> How, then, does one address business intelligence/data
> warehousing/ODS/general OLAP issues? Forbidding the BI folks to
> directly access the underlying data via SQL is not going to make
> them your friends, and alternatives such as providing them with the
> message/ XML-level access only is not what they're looking for,
> either.
>
> My current thinking is to provide a read-only SQL view for services
> that maintain some data; this view would be decoupled from the
> actual relational data representation, its definition would be
> versioned, its lifecycle would be governed by the same means as the
> "normal" service interface, it would be stored in the registry, etc.

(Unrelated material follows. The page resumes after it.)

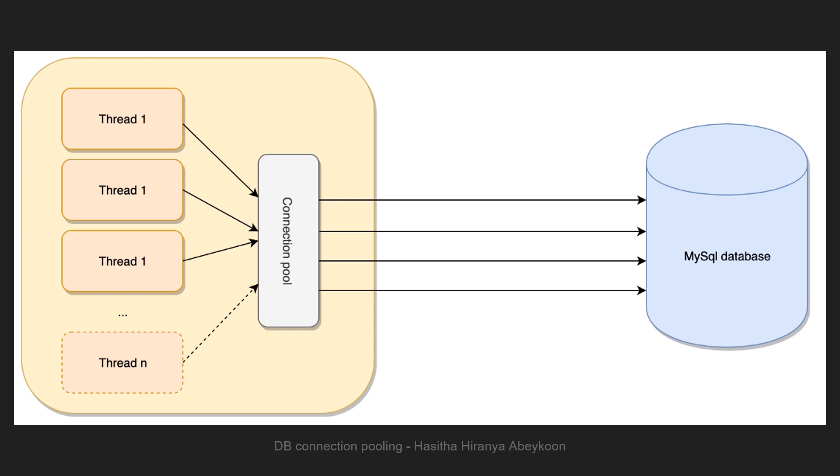The connection pool will manage database connections, keeping them ready for use by different threads. When a thread stops using a connection, instead of dropping it, it will go back to the connection pool ready to be used again by the same thread or another thread.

1. Design your business measurements as part of your business
   processes. (i.e. how do you measure the success important aspects
   of your processes?)

2. Design your data "bus" architecture along with your service "bus"
   architecture. (i.e. how does the information align that is being
   collected from your services, see Kimball, et
   al. http://ralphkimball.com/ for what a conceptual data bus is and
   how to design it incrementally.)

3. I agree I would not try to do the data aspects of this via XML or
   service interfaces. I would look to do this via HTTP / XHTML for
   some things, and read-only SQL for other things as you say.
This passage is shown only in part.